El silencio se prolongó otro par de minutos, hasta que volvió a hablar el adivino.
—Arndtstrasse, 27, cuarto —casi recitó.
—La misma dirección que yo tengo, en efecto —gruñó Müller.
—Lamento no poder serle de más ayuda, comisario.
Müller iba a colgar cuando recordó el inicio de la conversación.
—¿Y qué era eso de lo que tenía que enterarme? —quiso saber.
Takacs volvió a reír, pero su risa sonó falsa.
—El señor Hitler se retira. Lo anunciará esta semana en rueda de prensa. Mañana o el viernes.
Müller se quedó sin habla.
—No… No había oído nada —logró articular.
—Pensaba que se había enterado y llamaba para darme las gracias, pero ya veo que lo había sobrevalorado a usted.
—No sabía nada. En todo caso, si es cierto, sepa que lo celebro y que sabré demostrar mi alegría si algún día necesita algo —consiguió rehacerse el comisario.
—¿Puedo pedirle un pequeño anticipo de su gratitud antes de que la noticia se confirme públicamente?
—Por supuesto.
—No me llame. No me busque. Déjeme en paz.
Müller iba a responder algo, pero el adivino ya había colgado.

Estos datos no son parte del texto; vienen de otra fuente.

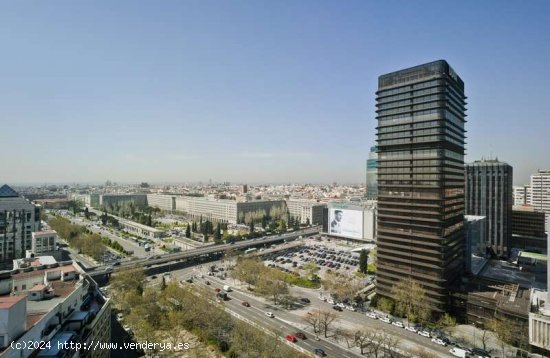 Oficina en la emblemática torre de Sáenz de Oiza - Madrid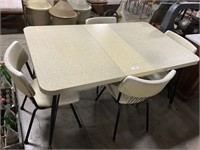 Mid Century Modern Dining Table & Chairs.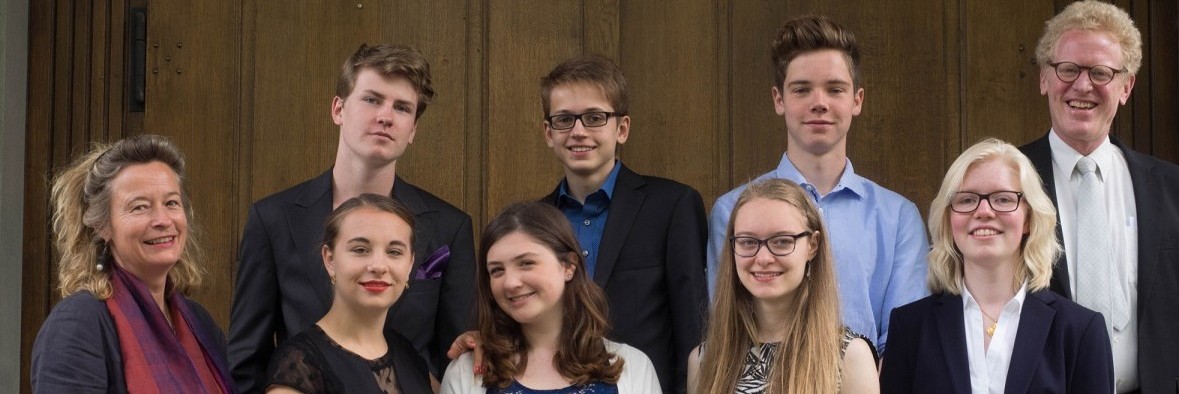 14.5 Kinder und Jugendliche tab links Konfiration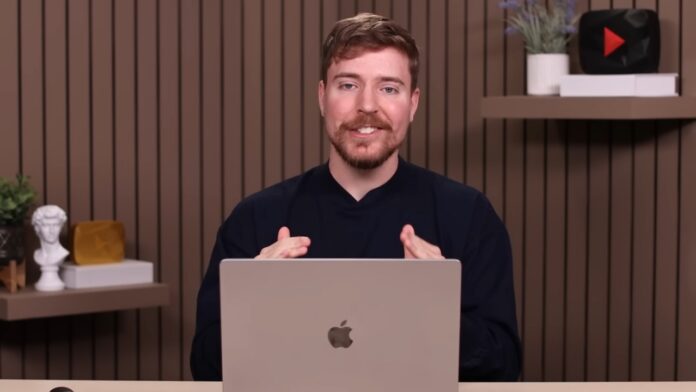 MrBeast läppärin edessä.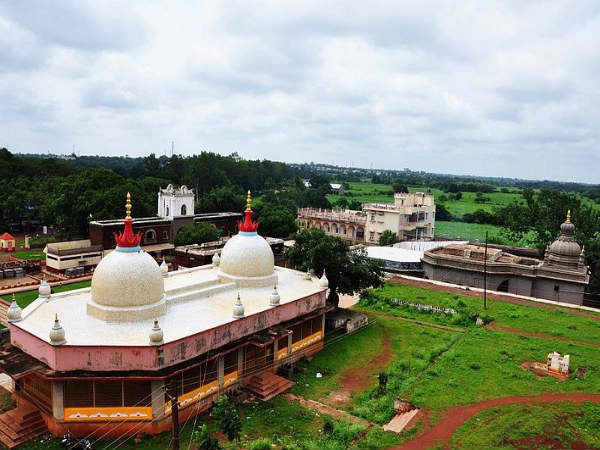 ಮಣಿಕ ಪ್ರಭುಗಳ ಸಂಜೀವಿನಿ ಸಮಾಧಿ ಸ್ಥಳ! ಮಣಿಕ ಪ್ರಭುಗಳ ಸಂಜೀವಿನಿ ಸಮಾಧಿ ಸ್ಥಳ!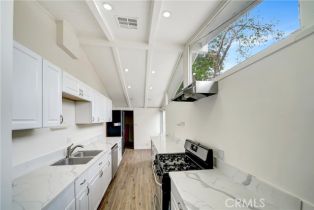 Single Family Residence, 19706 Victory blvd, Woodland Hills, CA 91367 - 11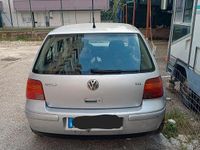 Usata VW Golf IV 105 CV (77 kW) 2002 Grigio Utilitaria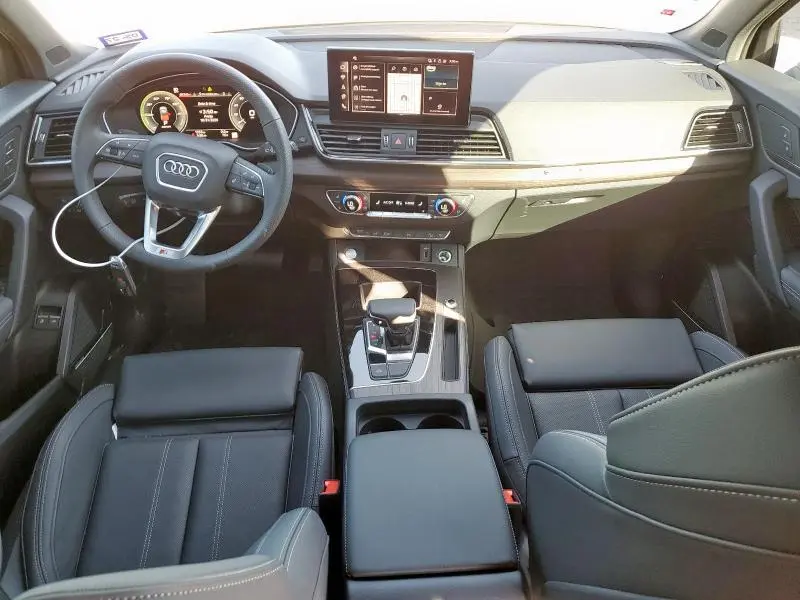 2025 AUDI Q5 E PREMIUM PLUS 55  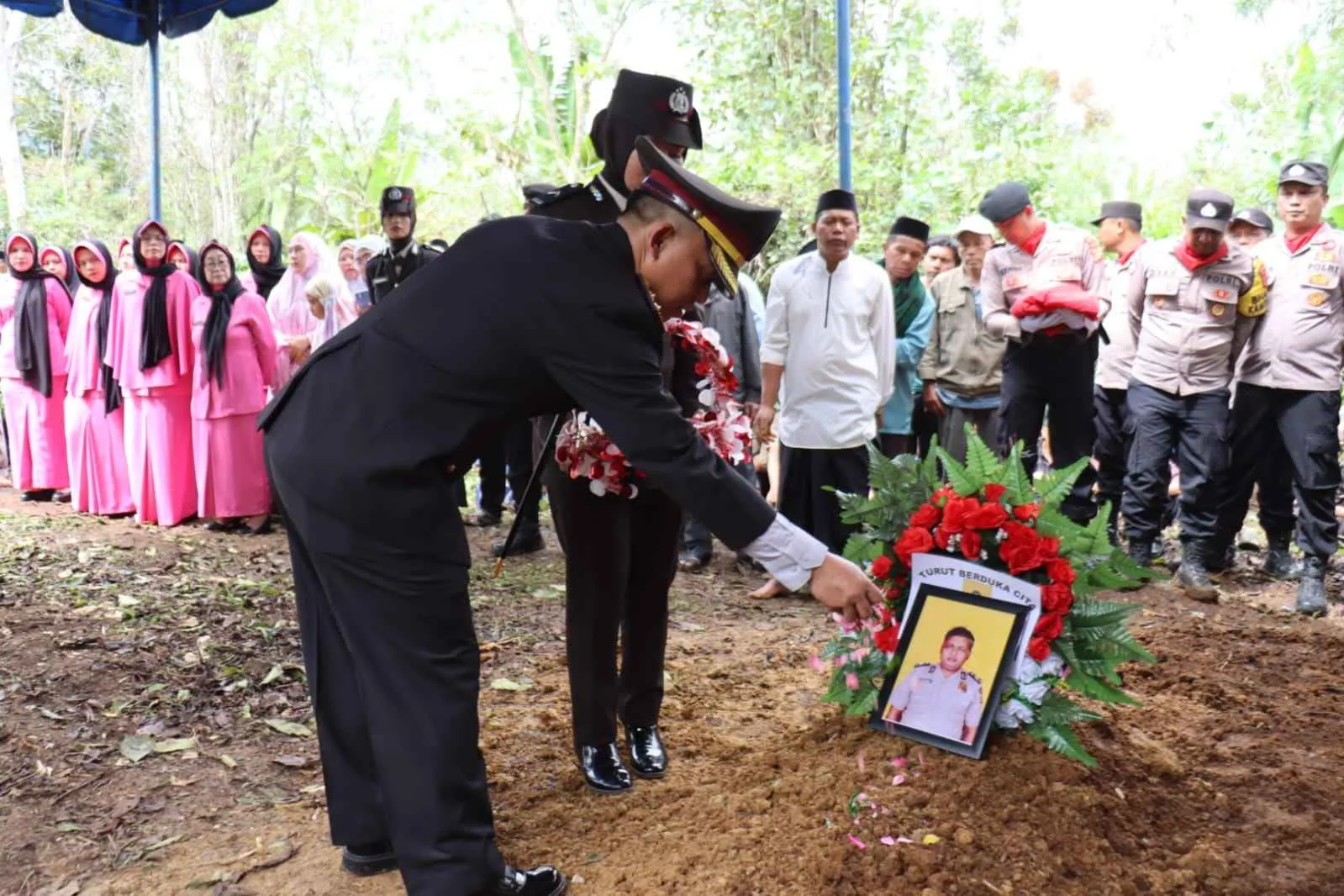 Kapolres Aceh Tengah Pimpin Pemakaman Tradisi Kepolisian Alm Bripka Ruhdi Fitrah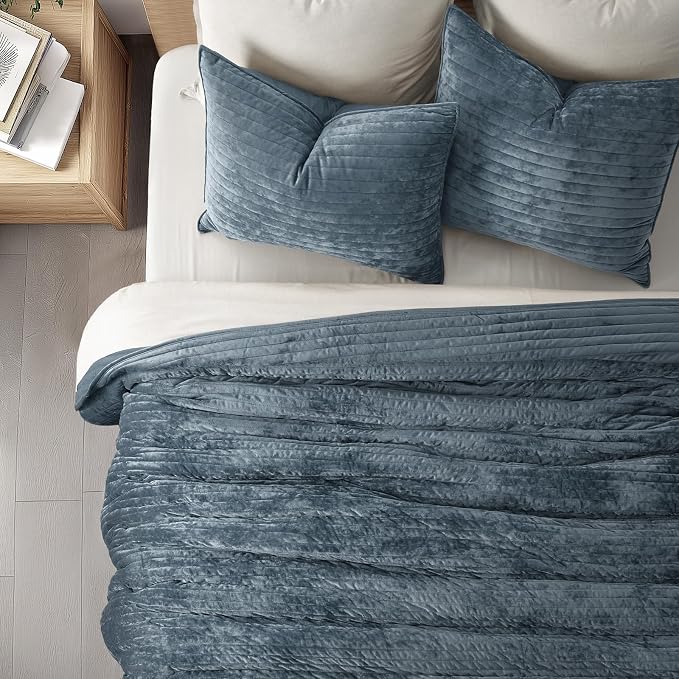 EverGrace Velvet Quilt Set King Size, Luxurious Soft Striped Channel Bedding Set, Lightweight Velvet Comforter for All Season, Oversized Bedspread Coverlet with 2 Matching Shams, Stormy Blue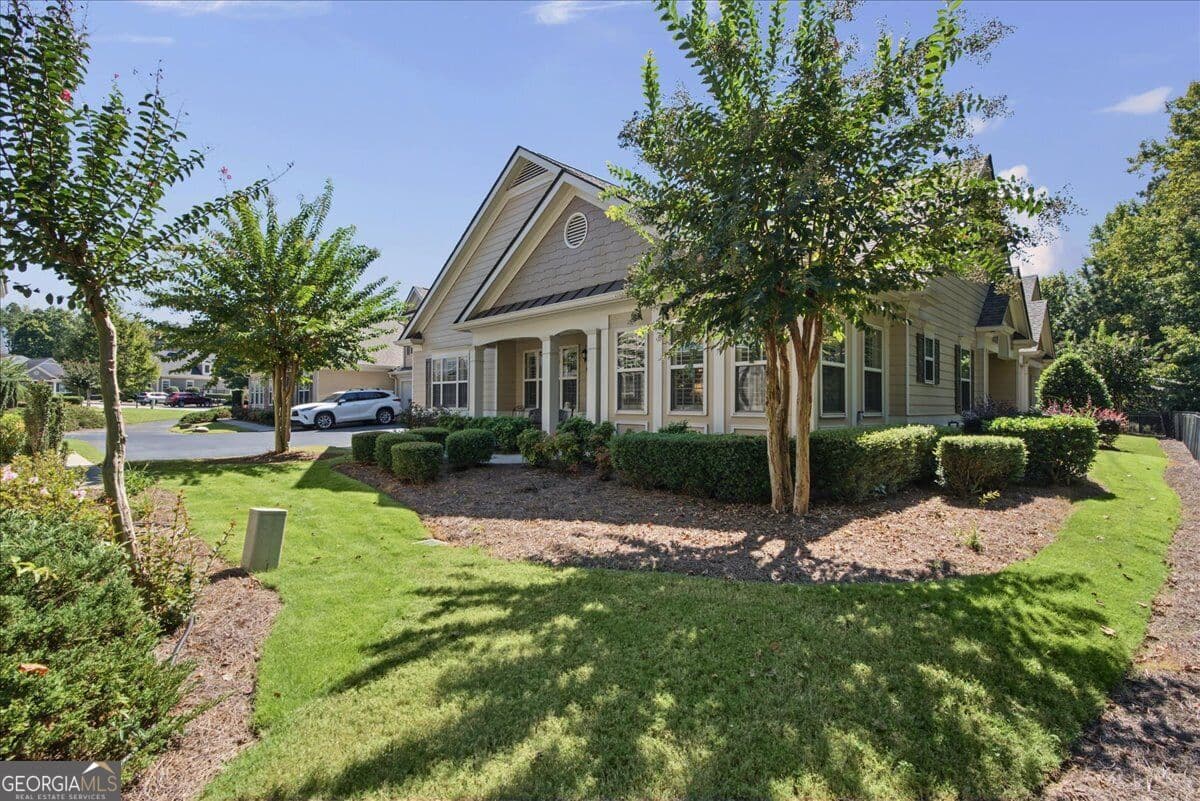 3 bedroom, 3 bathroom, 2,355 sq ft condominium for sale at 222 Orchards Circle, Woodstock, GA 30188 — photo 1 of 43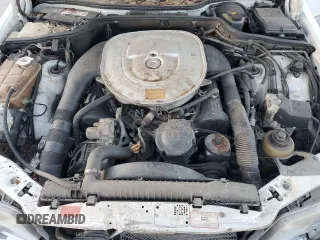 1989 Mercedes-Benz 560 with VIN WDBCA39E7KA453389, listed as a Copart auction lot 45884155 with 231,828 mi miles and Clean Title. Bid and sale history available at DreamBid. Image 11.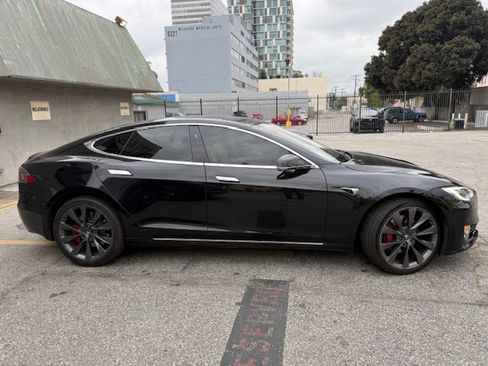 Used 2018 Tesla Model S 75D image 4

El comisario estaba tan contento con lo que acababa de escuchar que ni siquiera le importó el desplante. Seguramente sería un truco, pero de cara a sus superiores y para su carrera en la policía contaría de todos modos como un gran triunfo. El abandono de Hitler era la mejor prueba de lo que siempre decía: cuando hay público, lo importante es que la paloma salga de la chistera; si hay que cazarla luego para la siguiente función, es lo de menos.
Sin esperar un instante, se levantó de su sillón y salió a dar la buena noticia a toda la comisaría.
—¡Lo conseguimos, muchachos, lo conseguimos!, ¡Hitler se retira! —gritó al grupo de policías que se había reunido para recibir las órdenes del día.
Todos se abrazaron entre sí, y luego dedicaron un cálido aplauso al comisario.
A Müller le supo mejor aquel minuto de gloria con sus hombres que todos los ascensos y todas las medallas que había ganado ese día.